Data block:
--------------------

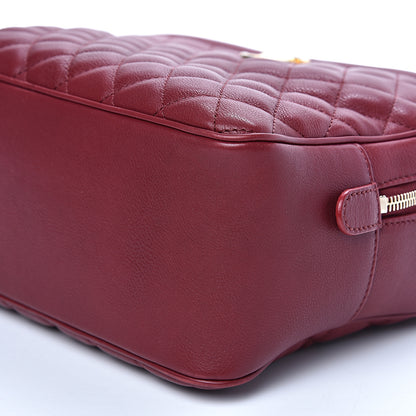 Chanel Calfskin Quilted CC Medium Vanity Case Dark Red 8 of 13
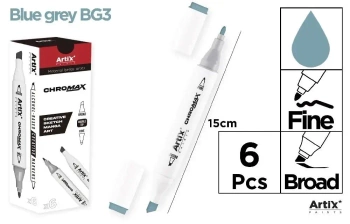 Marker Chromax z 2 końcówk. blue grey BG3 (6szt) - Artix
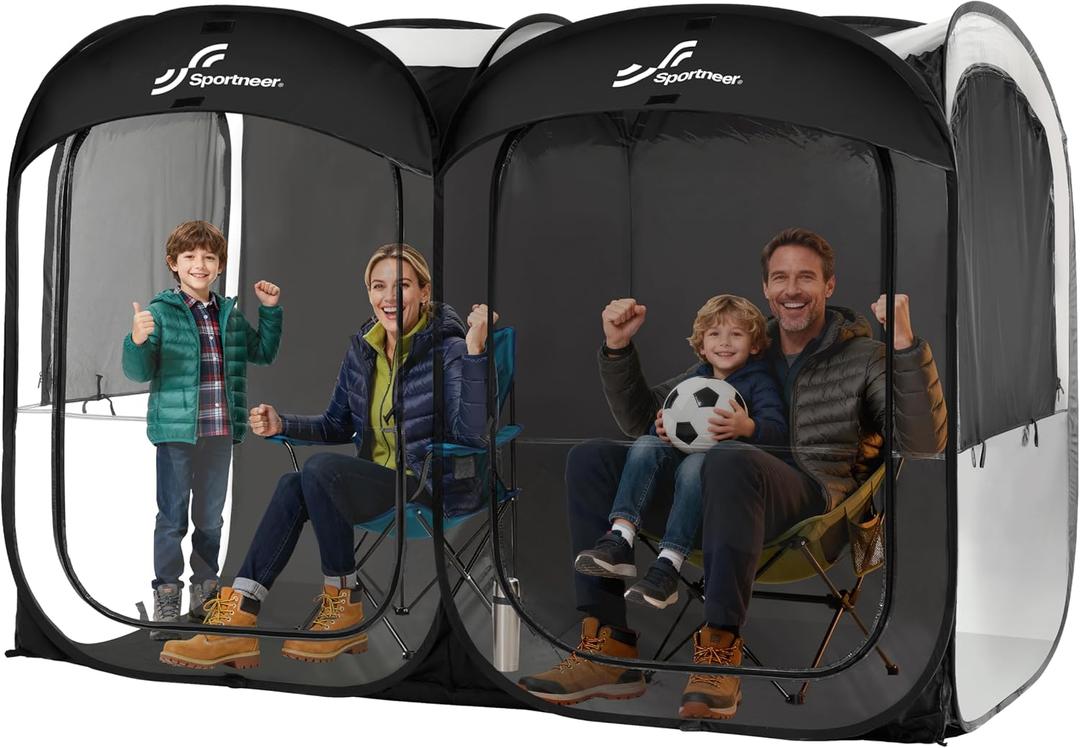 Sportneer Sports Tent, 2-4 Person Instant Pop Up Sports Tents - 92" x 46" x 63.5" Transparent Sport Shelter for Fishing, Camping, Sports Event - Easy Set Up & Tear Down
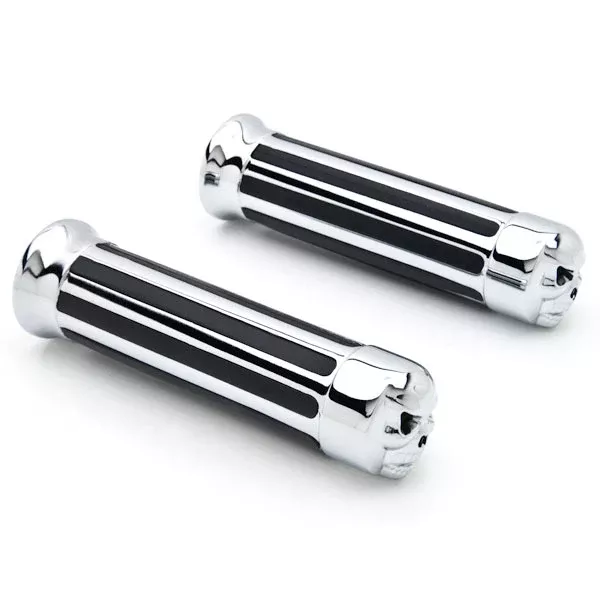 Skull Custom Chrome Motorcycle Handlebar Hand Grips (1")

--------------------

Task goal: Every line of the material above must be written out exactly, with no pictures.

Solution:
 Chanel Calfskin Quilted CC Medium Vanity Case Dark Red 8 of 13
 Marker Chromax z 2 końcówk. blue grey BG3 (6szt) - Artix
 Sportneer Sports Tent, 2-4 Person Instant Pop Up Sports Tents - 92" x 46" x 63.5" Transparent Sport Shelter for Fishing, Camping, Sports Event - Easy Set Up & Tear Down
 Skull Custom Chrome Motorcycle Handlebar Hand Grips (1")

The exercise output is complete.